Feldstein: Recession likely to linger into next year

There is a good chance the U.S. will need to implement a second economic stimulus as the recession persists beyond this year, said economist Martin Feldstein, a member of President Barack Obama's Economic Recovery Advisory Board. The Harvard University professor said he does not know when the recession will end, but "the forecasts that it'll end later this year, I think, are too optimistic." Reuters.
No argument here on that.

S&P downgrades Berkshire Hathaway's ratings outlook

Berkshire Hathaway's ratings outlook was lowered from stable to negative by Standard & Poor's. The rating agency attributed the change to a drop in capital for Berkshire's insurance operations that came as a result of the stock market's decline. The Wall Street Journal.
Fitch was ahead on this one on 3/12.

Unexpected inflation spike hits U.K. economy
In a development that economists did not anticipate, inflation in Britain rose to 3.2% in February, driven primarily by food prices. Experts had expected a 2.6% increase for the consumer-price index.

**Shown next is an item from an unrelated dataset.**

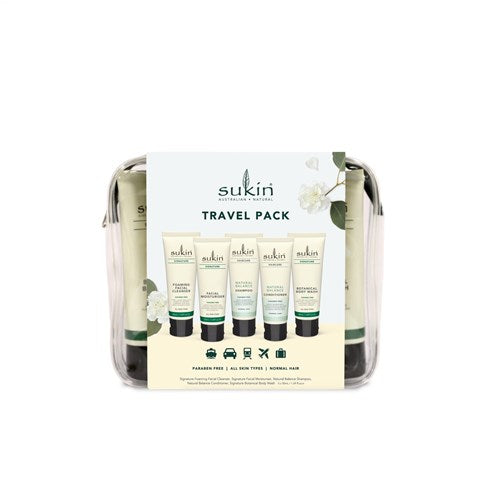Sukin Travel Pack 5 Piece 50ml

The U.S. Treasury's plan for removing troubled assets from the balance sheets of banks will likely force those institutions, including Bank of America, Citigroup and Wells Fargo, to take substantial write-downs, analysts and executives said. The losses might force the banks to raise additional capital from investors or taxpayers. "The unspoken fear here is that selling off loan portfolios would lead to more government capital injections into major banks," one bank executive said. Financial Times.
Sound somewhat familiar?

Fidelity creates fund for commodity stocks

Fidelity Investments plans to launch Tuesday an equity fund that invests in the stocks of companies in agriculture, energy and metals, both within the U.S. and worldwide. The Fidelity Global Commodity Stock Fund will offer adviser- and retail-class shares. Unlike many commodity funds that invest in derivatives, this fund will buy stocks.

So expect stocks of these three categories of companies to pop while Fidelity ramps up the holdings of these funds.